[Input material — start]

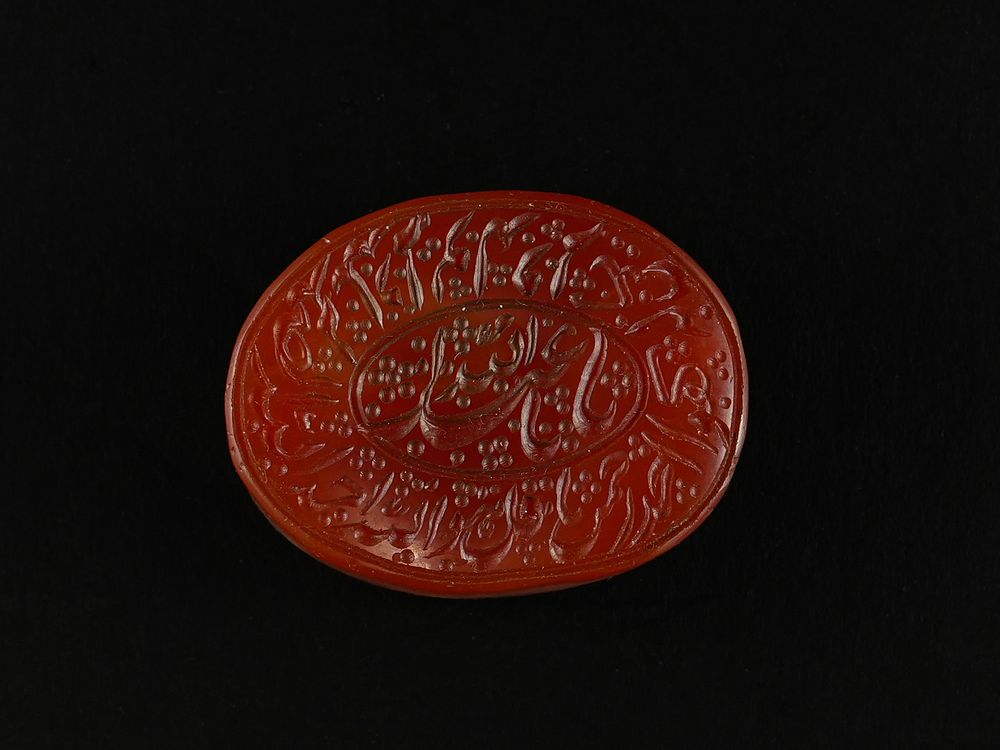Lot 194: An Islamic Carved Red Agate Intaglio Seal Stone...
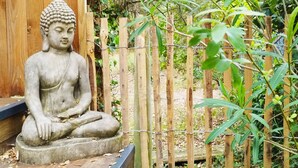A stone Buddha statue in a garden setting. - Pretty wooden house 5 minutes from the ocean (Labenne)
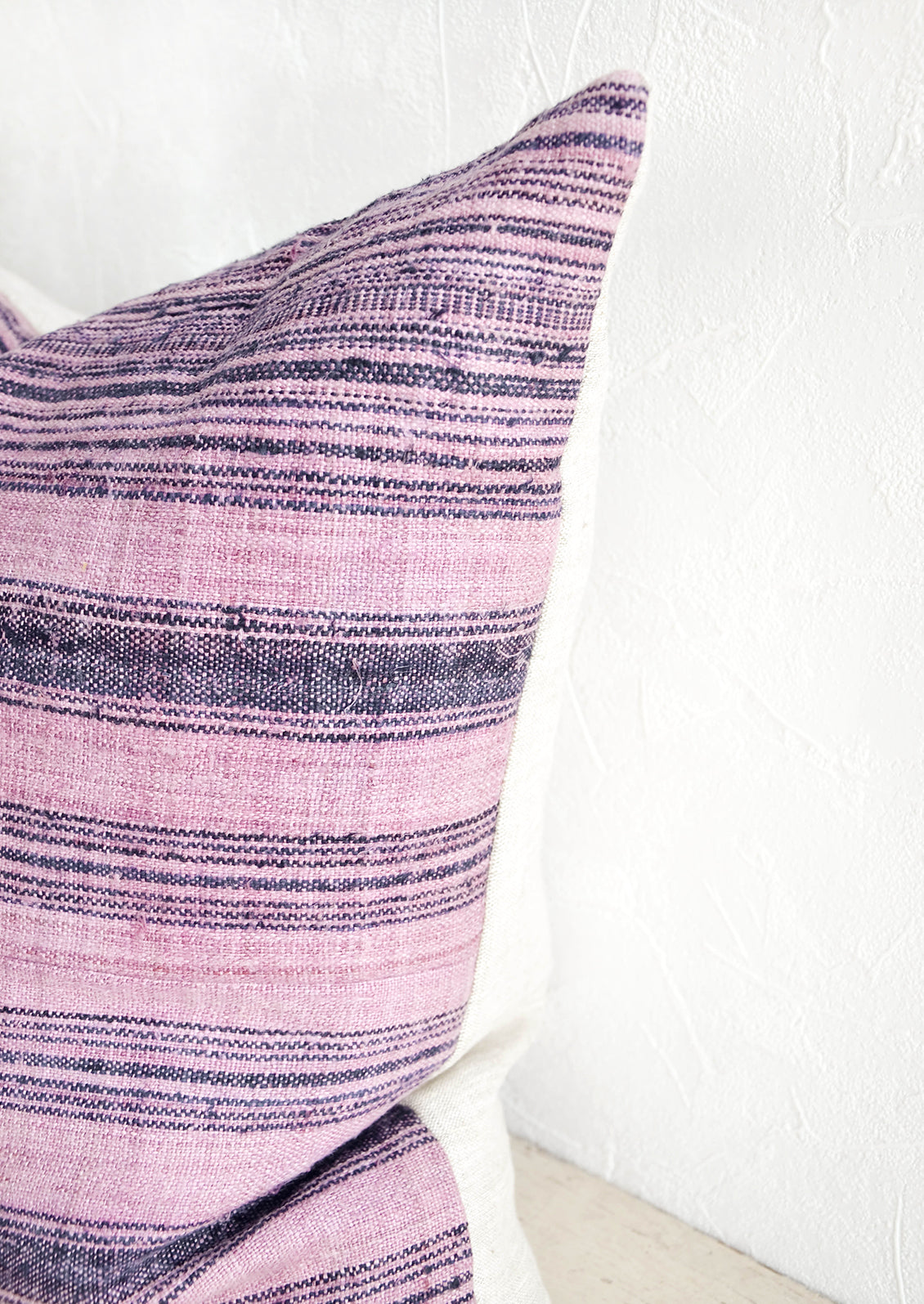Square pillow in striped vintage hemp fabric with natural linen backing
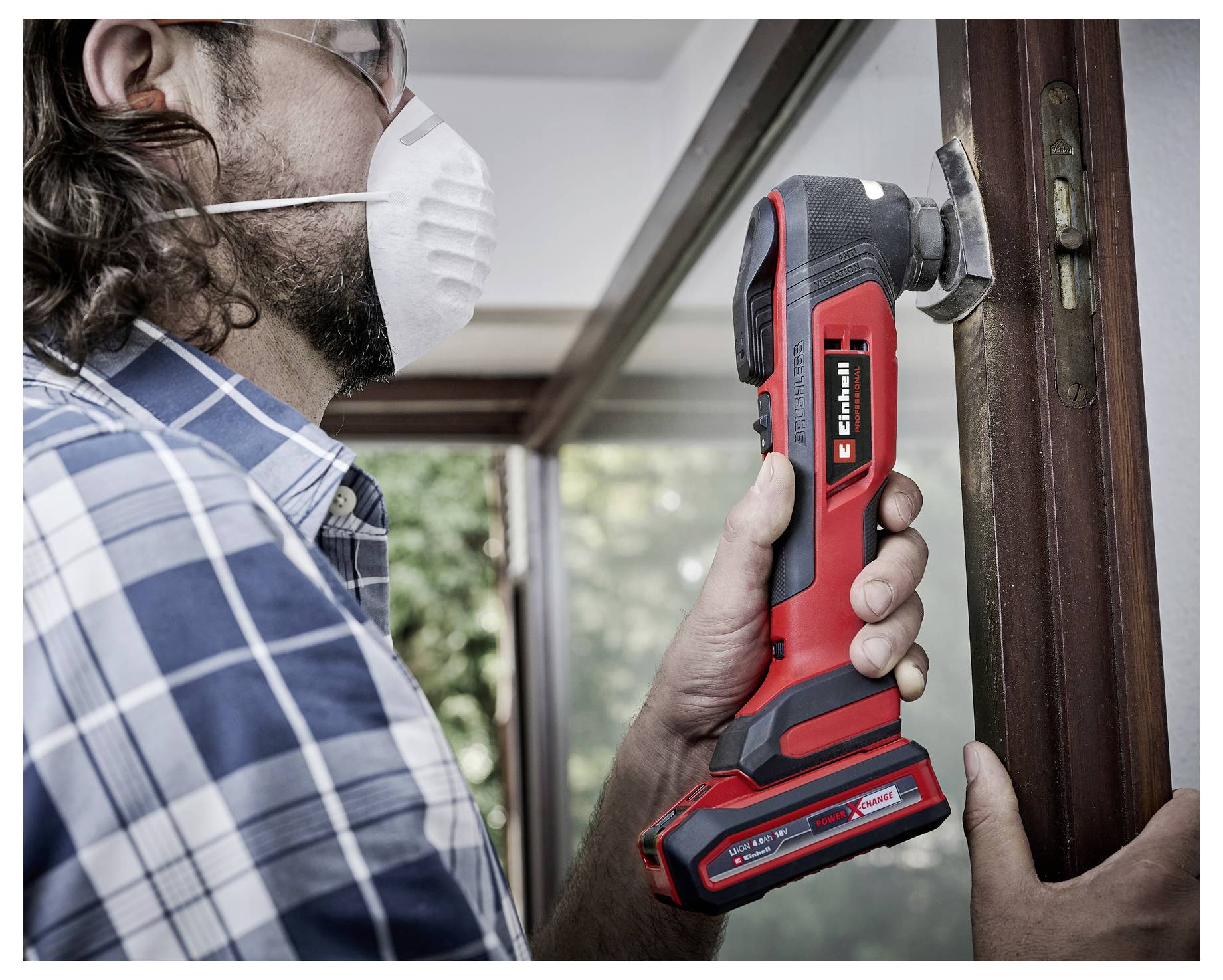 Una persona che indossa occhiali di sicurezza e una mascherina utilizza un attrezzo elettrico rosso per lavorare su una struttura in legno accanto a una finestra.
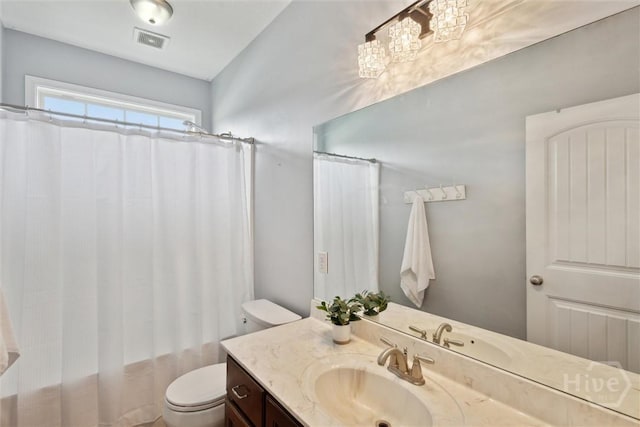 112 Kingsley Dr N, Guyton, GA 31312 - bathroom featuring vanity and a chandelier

[Input material — finish]
[Input material — start]

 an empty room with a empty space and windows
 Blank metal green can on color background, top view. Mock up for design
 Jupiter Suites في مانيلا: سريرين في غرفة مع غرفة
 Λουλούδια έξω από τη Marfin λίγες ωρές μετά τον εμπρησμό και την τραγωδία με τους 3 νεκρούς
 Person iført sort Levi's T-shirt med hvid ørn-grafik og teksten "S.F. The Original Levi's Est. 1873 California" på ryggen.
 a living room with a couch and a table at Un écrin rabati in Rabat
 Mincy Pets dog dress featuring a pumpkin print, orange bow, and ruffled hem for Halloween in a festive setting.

[Input material — finish]

◆ Problem details ◆
Write down exactly what the lines above say, from the line holding "Una persona che" through the line holding "112 Kingsley Dr", and nothing more. Do not copy the pictures.

◆ Answer to the exercise ◆
 Una persona che indossa occhiali di sicurezza e una mascherina utilizza un attrezzo elettrico rosso per lavorare su una struttura in legno accanto a una finestra.
 112 Kingsley Dr N, Guyton, GA 31312 - bathroom featuring vanity and a chandelier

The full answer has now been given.